Jedes mal das gleiche mit den Cranks, wirklich. Wenn sie nicht schon vorher erschossen oder überfahren werden, fordern sie immer einen ihnen Nahestehenden zum Mord auf, so lange, bis die armen Schweine schließlich nachgeben. Und dann machen die sich ein Leben lang Vorwürfe. Ich checke dieses System echt nicht.

Peng macht es, dann kippt der Blonde um, Blut spritzt aus seiner Stirn und diesem Tommy ins Gesicht. Der dunkelhaarige Junge rappelt sich hastig hoch, stolpert gehetzt über den Hof, bis hin zu einem verbeulten, alten Lastwagen. Kaum ist er durch die offene Tür geklettert, wird diese auch schon zugeschlagen und mit einem stotternden Schnurren erwacht der Motor zum Leben.

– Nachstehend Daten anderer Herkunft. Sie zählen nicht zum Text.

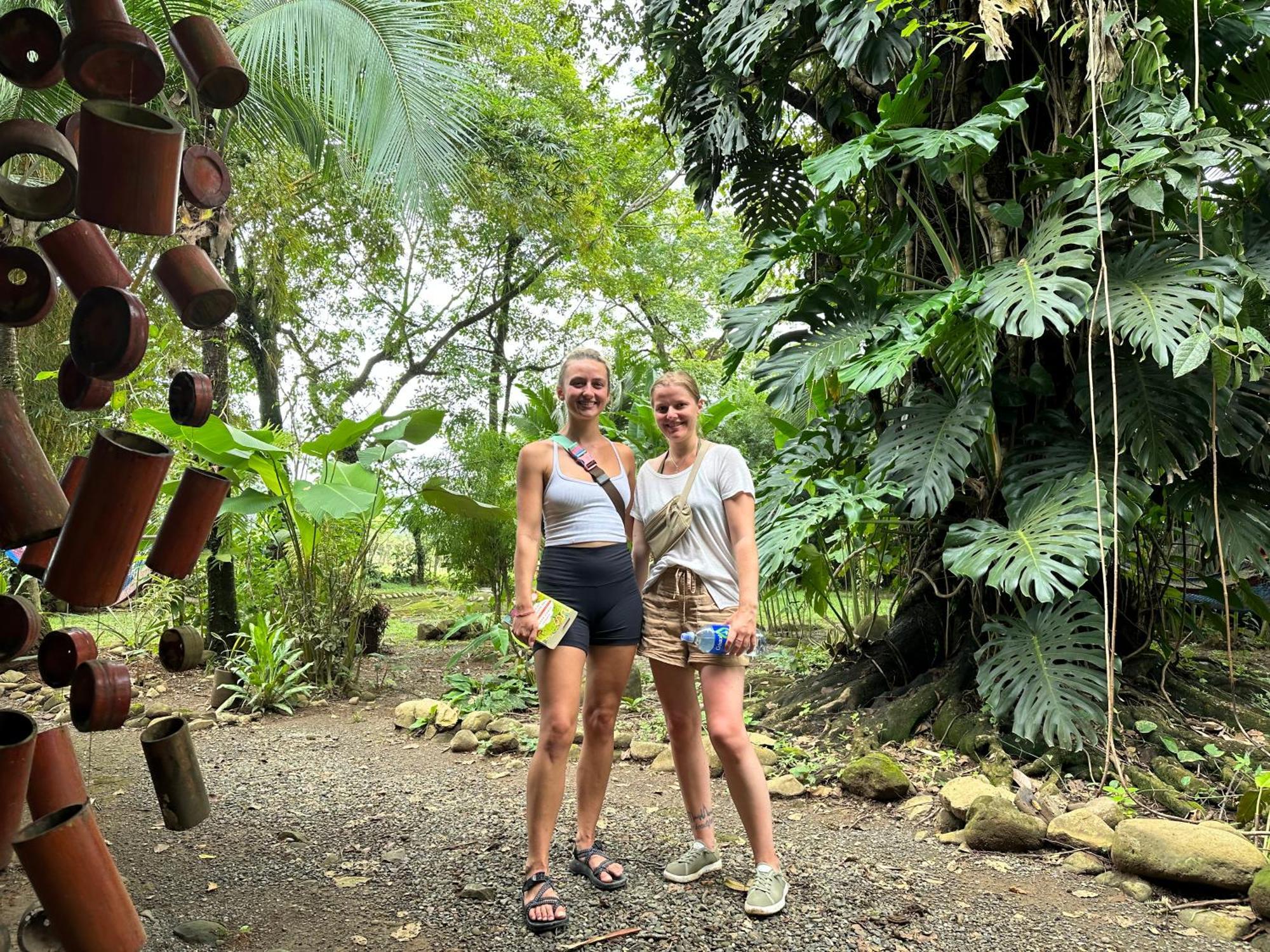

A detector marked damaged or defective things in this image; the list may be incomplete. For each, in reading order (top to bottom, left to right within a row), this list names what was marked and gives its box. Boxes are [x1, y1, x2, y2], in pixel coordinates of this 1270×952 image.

rusty wind chime [0, 1, 246, 952]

Der Wagen macht einen Satz nach vorne, dreht die Reifen um 90° ein und braust dann mit enormer Geschwindigkeit davon.

Einen Moment lang sehe ich dem vermeidlichen Fluchtfahrzeug nach, dann schlurfe ich gemächlich auf den Leichnam des Blonden zu. Wie hat Tommy ihn genannt? Newt? Was ist denn das bitte für ein komischer Name? Aber gut, das ist nicht mein Problem.

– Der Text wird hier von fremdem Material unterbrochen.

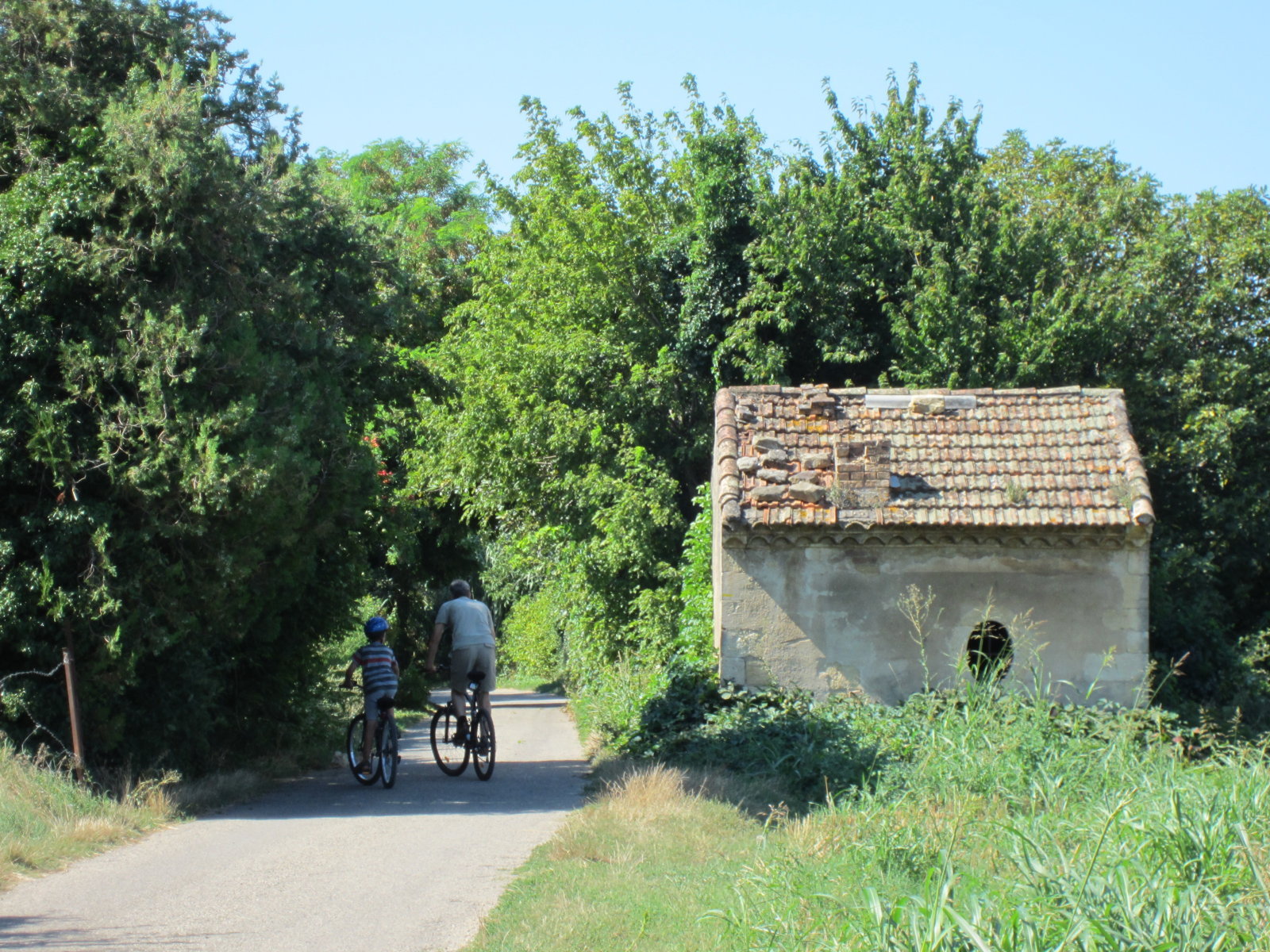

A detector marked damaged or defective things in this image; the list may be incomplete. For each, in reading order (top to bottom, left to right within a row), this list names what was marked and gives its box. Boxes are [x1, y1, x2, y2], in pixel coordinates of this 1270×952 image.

broken roof section [711, 388, 1158, 538]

Vorsichtig knie mich neben den Toten und betrachte ihn genauer. Er scheint um die 16, 17 Jahre zu sein, wie ich, und sich etwa im mittleren bis vorletzten Stadium zu befinden. Was eigentlich komisch ist, normaler Weise sehen Cranks auf diesem Level viel schlimmer aus, der hier hat aber vergleichsweise kaum Verletzungen und Geschwüre.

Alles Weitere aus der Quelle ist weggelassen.